One of the biggest problems that I have with new technology doodads is that I’m not very practical about acquiring them (see the small mountain of Wear OS watches I have in a box for a testimonial to that proclivity) and tend towards the stupid setting when it comes to acquisition lust. Strangely, despite this tendency, I avoid most Apple hardware entirely these days if only because I am freaked out by the walled garden approach so most of the super pricey and useless geegaws are off menu for me. The limited possibilities of the usefulness of any of their devices always leaves me cold.
I’m also no longer a tremendous fan of manually building too many components of functionally attractive gadgets. As I said yesterday, I’m just now purchasing my first Raspberry Pi ever. I also tend to avoid especially ambitious and gadgety Kickstarter campaigns because I know I’m going to be disappointed and/or frustrated by the results. This is largely due to being lazy.

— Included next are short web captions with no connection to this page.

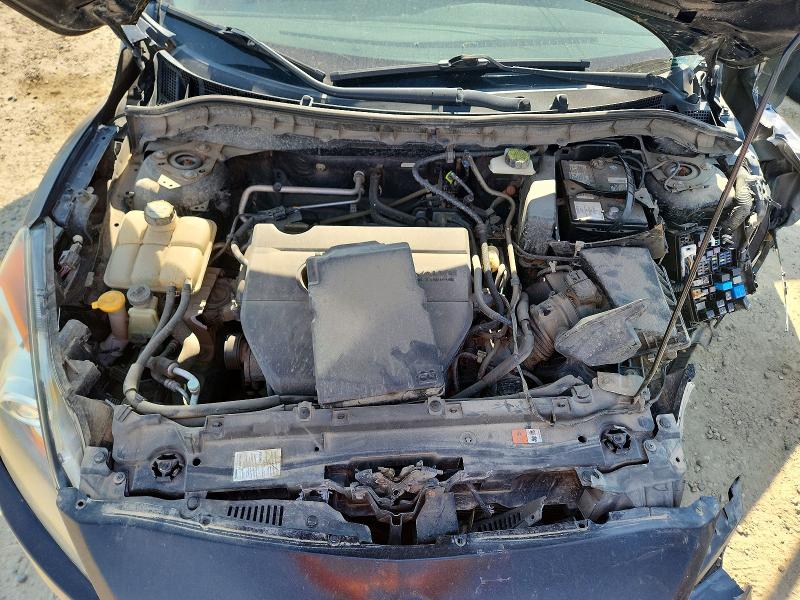 66109996 :رقم المزاد ، JM1BL1SF7A1178555 vin ، 2010 Mazda 3 مزاد بيع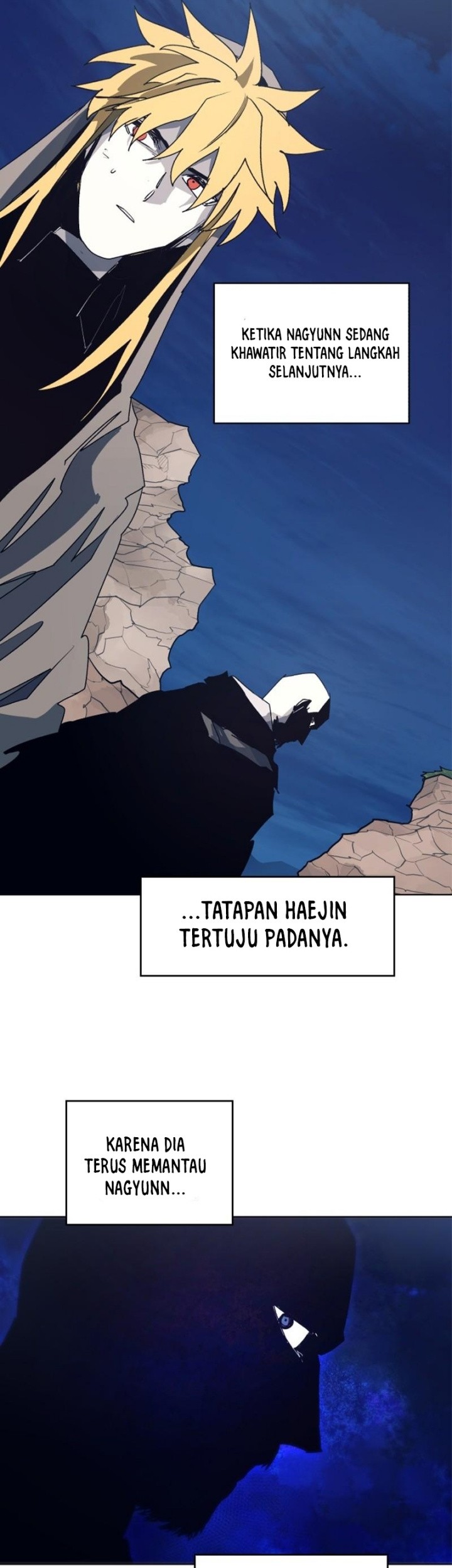 The Last Knight Of The Fire Chapter 114 Gambar 8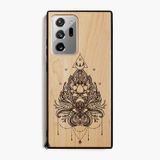 ốp lưng gỗ samsung note 20 ultra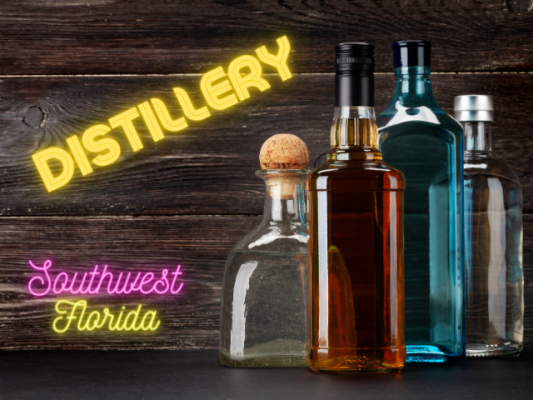 Liquor Distillery - Asset Sale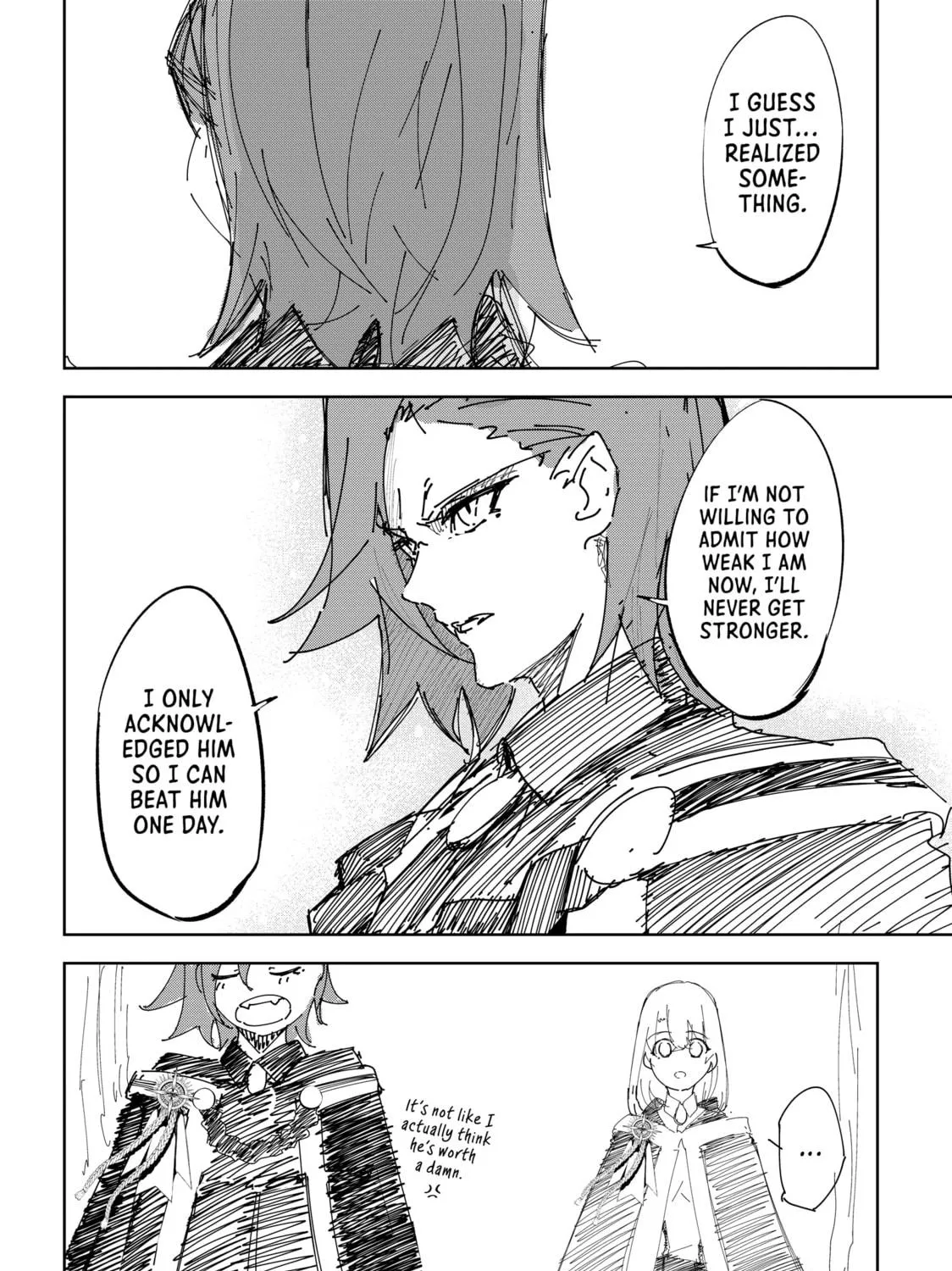 Wistoria: Wand and Sword Chapter 32 page 77 - 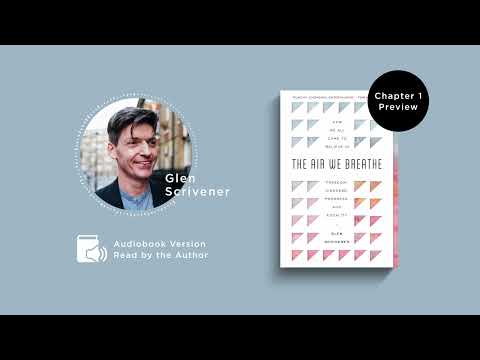The Air We Breathe audiobook preview with Glen Scrivener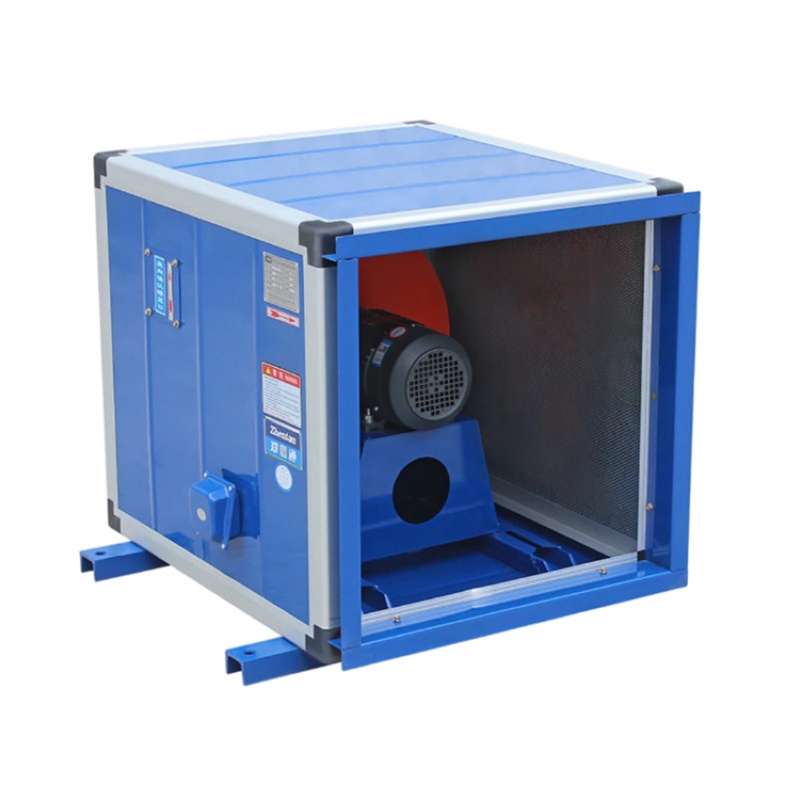 ISQ、WDF無(wú)蝸殼離心風(fēng)機(jī)箱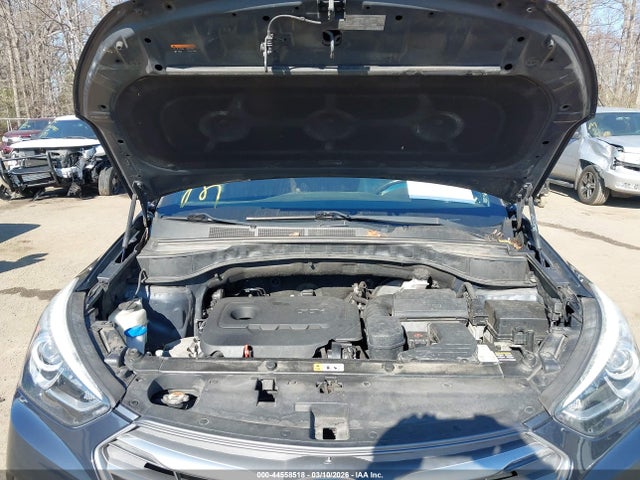 2018 HYUNDAI SANTA FE SPORT 5NMZUDLB6JH064464 Photo 9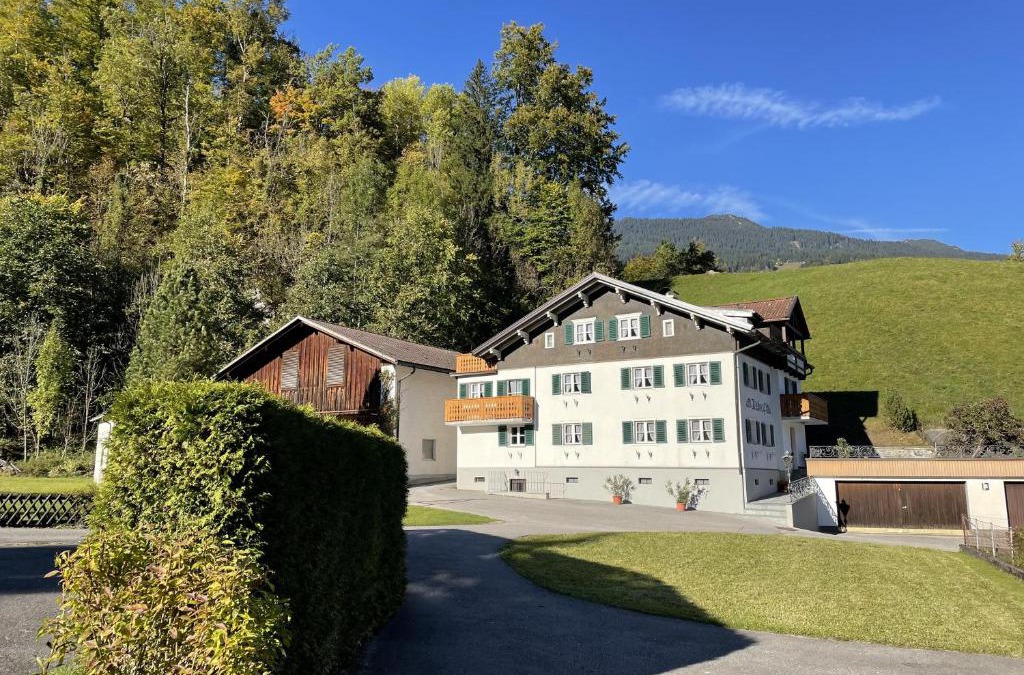 Tschagguns House | Gästehaus Ilishof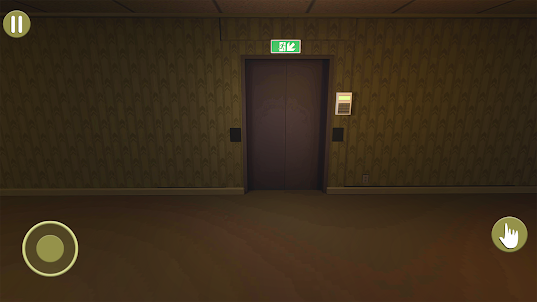 The Elevator (CODE)  Escape The Backrooms 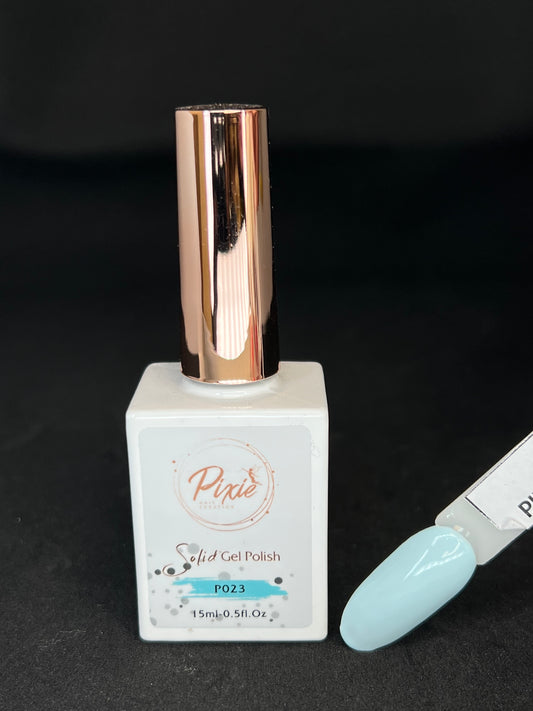 Pixie Solid Gel Polish - P023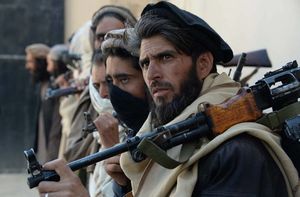 «Это не опция»: Россия исключает ввод своих войск в Афганистан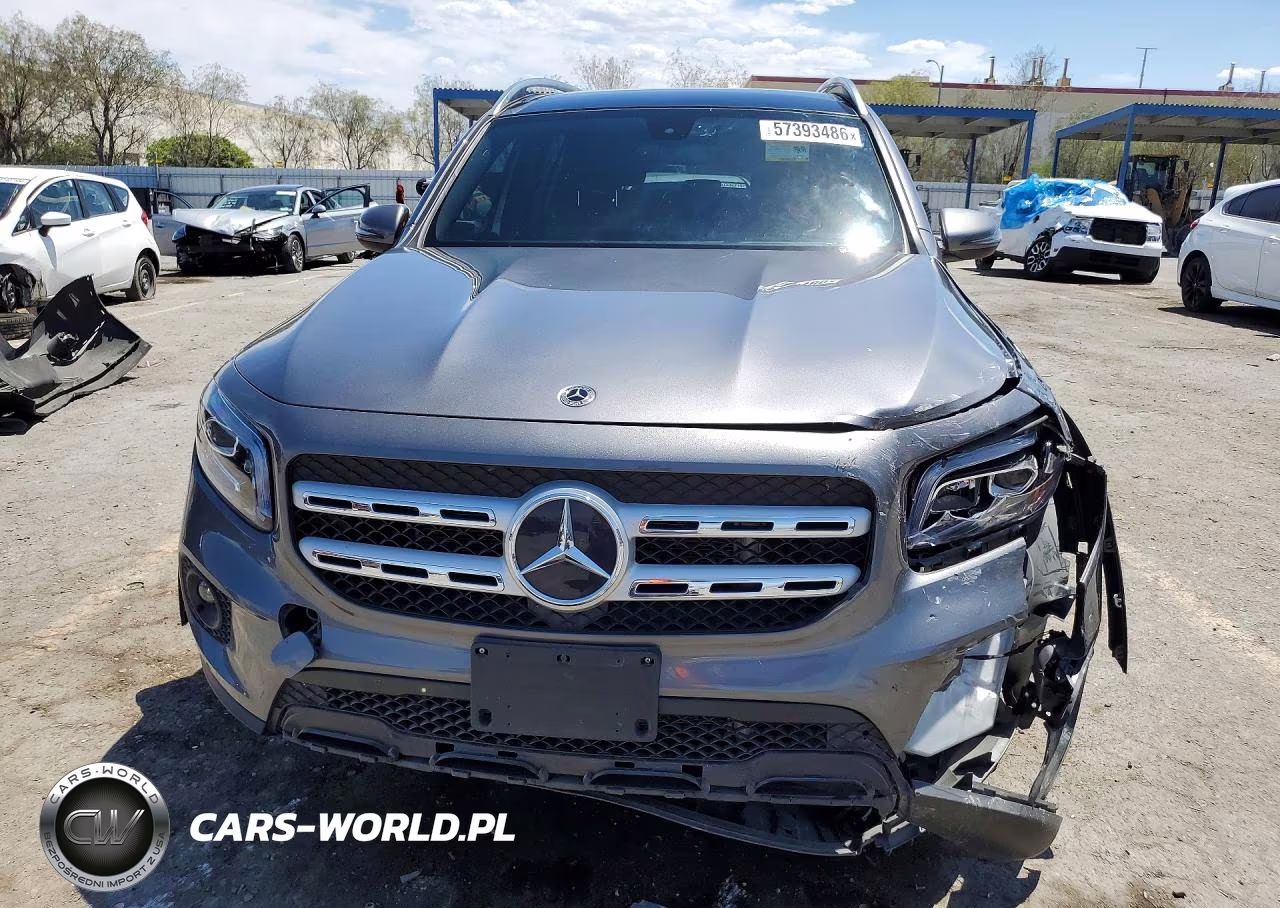 2022 Mercedes-Benz Glb 250 VIN:W1N4M4GB4NW240363 - 5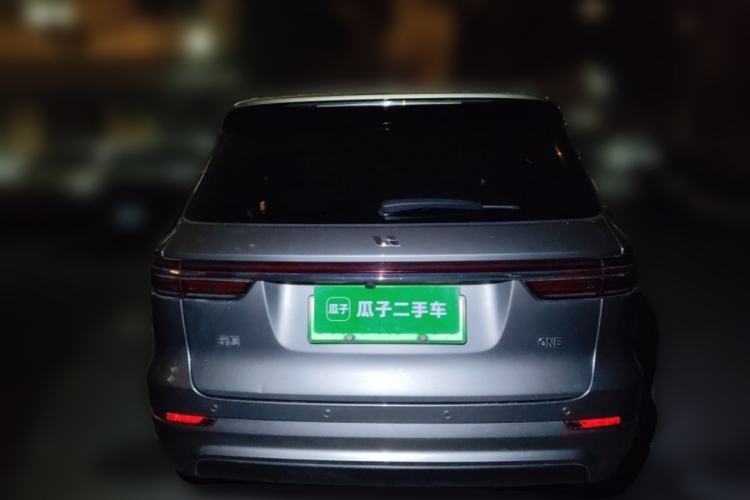Used Li Auto ONE 2020 Extended-Range 6-Seater Version
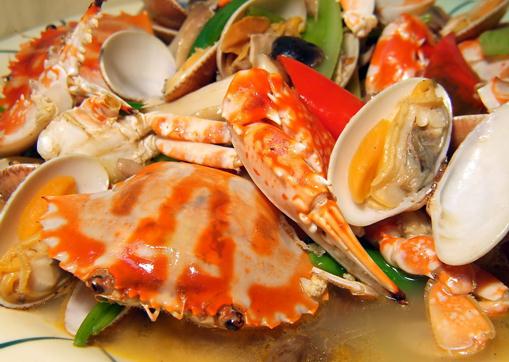 男性食療養(yǎng)生:常吃12種食物讓男人永遠(yuǎn)精力旺盛——海鮮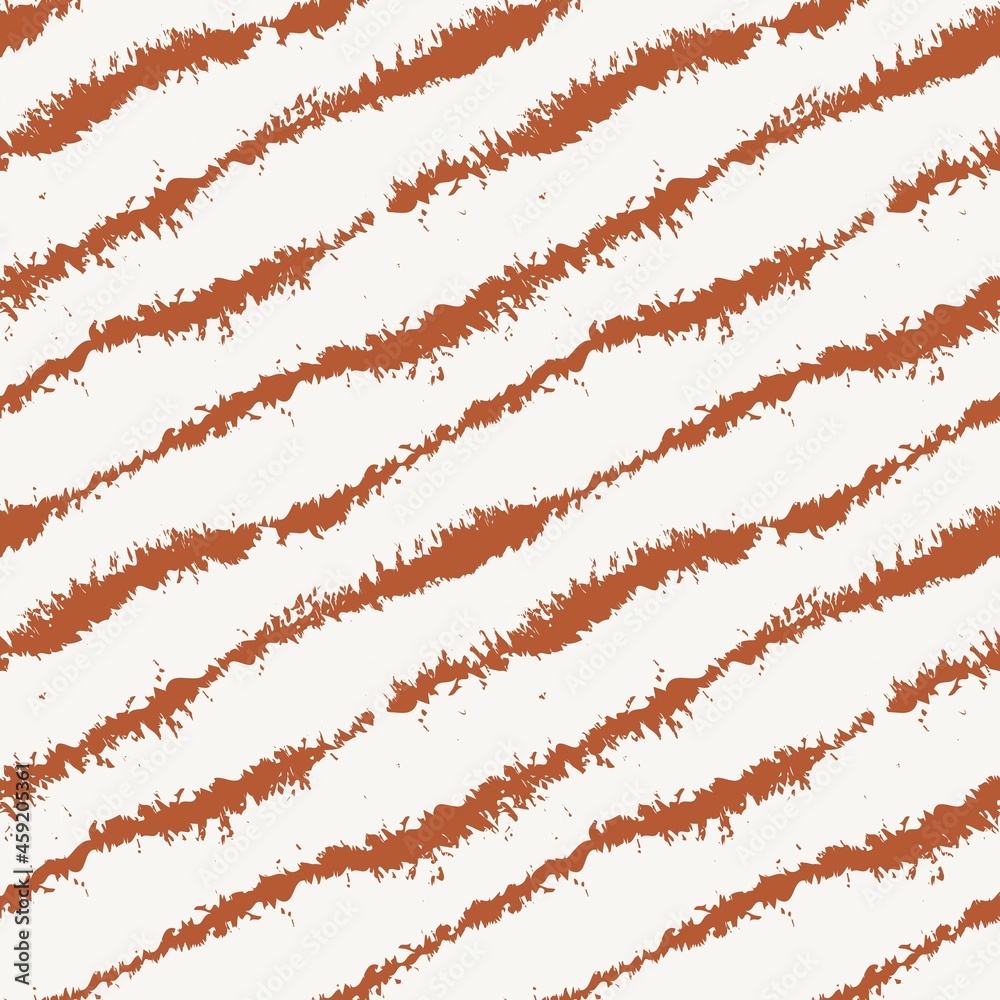 Brush Stroke Fur Seamless Pattern Brush Stroke Fur Seamless Pattern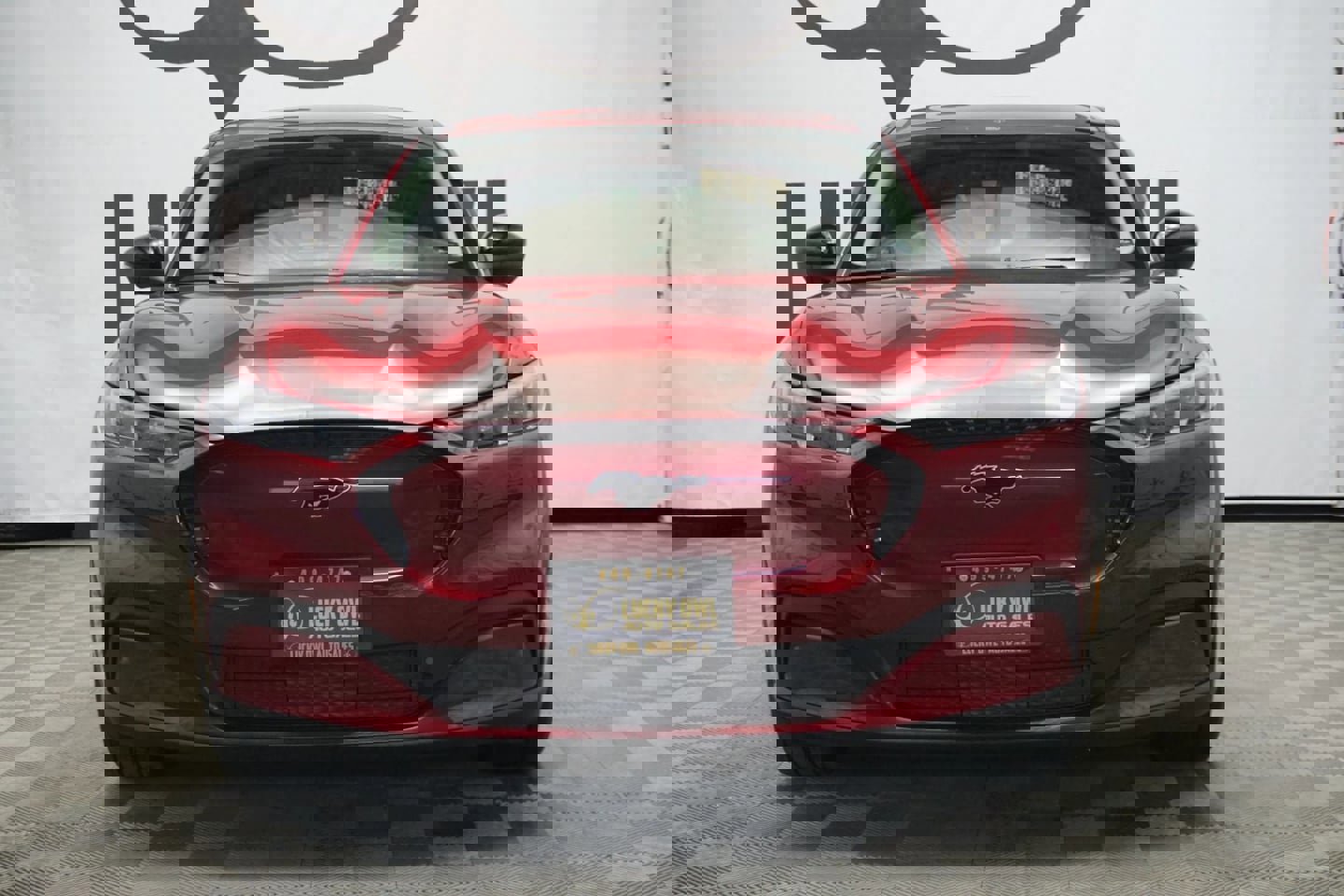 Used 2025 Ford Mustang Mach-E Select w/ Interior Protection Package image 2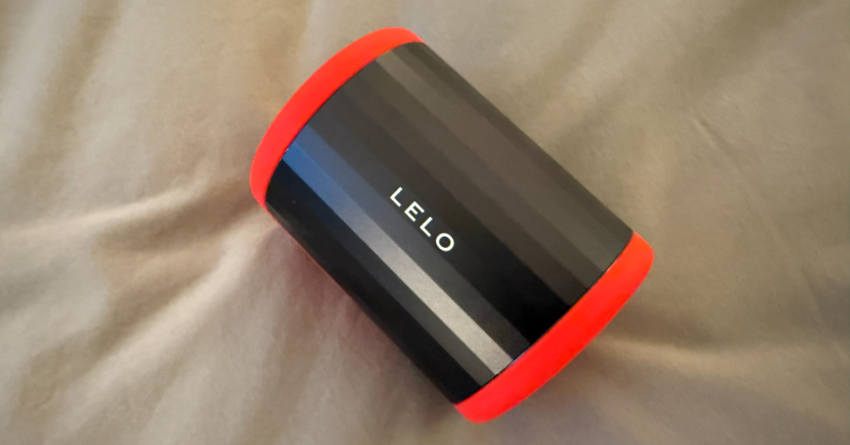 Lelo F2S: Vibrating Stroker and Stamina Trainer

That laziness, however, really, really makes me wish that things like the reMarkable 2 were a little
lot less expensive. I absolutely love the idea of having a large drawing surface with a paper analog feel. It sounds like the invention that I’ve been waiting for since my first computer (that was 1996, by the way, and I wasn’t already in the twenties) and having a glimpse of the possibilities that potentially lay ahead. The reviews from The Verge, Engadget, and a few others only increase my want for this incredibly limited but equally awesome device. There are a number of very appealing parts to this tablet: it’s running Linux, it has a textured screen to approximate the feeling of drawing on paper, and a few other factors but the price is what always empties my cart: $400 for E Ink is a tough sell for me. That said, I really enjoy all of the E Ink devices that I already have but I have a feeling that I’m going to wait for a (relatively) inexpensive, refurbished version of this or I’m eventually going to bite a bit harder on one of the Boox devices that I’ve been eying for a while. Some of those despite being Android devices have similar capabilities and, on the lower end of their product line, are sold at a price that doesn’t make me wince when I contemplate dropping that many dollars on what is really only going to be a drawing device for me. I do want but I know I can’t. That is not a pleasant place for me to linger.
Category: The Dollar Dances On Our Asses
I am generally opposed to invasive advertising and not for the reasons that you might suspect. Like Doc Searls, I believe that news organizations have the right to generate money to pay their bills and all of the usual justifications and if the aforementioned media outlets don’t try to draw me into some horrific listicle/slideshow layered in trashy js or attempt to hijack every cookie in my browser then I’m okay with letting that stuff load. If you don’t actively interfere with my ability to read text then I don’t get upset at you. I am getting tired to the excessive attempts to get me to subscribe to the dead letter version of a publication in order to read more than excerpts online or the siren call of logging in with another authentication network so the page can reload without delivering the thing I actually came to the site to read. I love Doc’s savage and apt characterization of that variety of advertising:
Tracking-based ads, generally called adtech, do not sponsor publications. They use publications as holding pens in which human cattle can be injected with uninvited and unwelcome tracking files (generally called cookies) so their tracked eyeballs can be shot, wherever they might show up, with ads aimed by whatever surveillance data has been gleaned from those eyeballs’ travels about the Net.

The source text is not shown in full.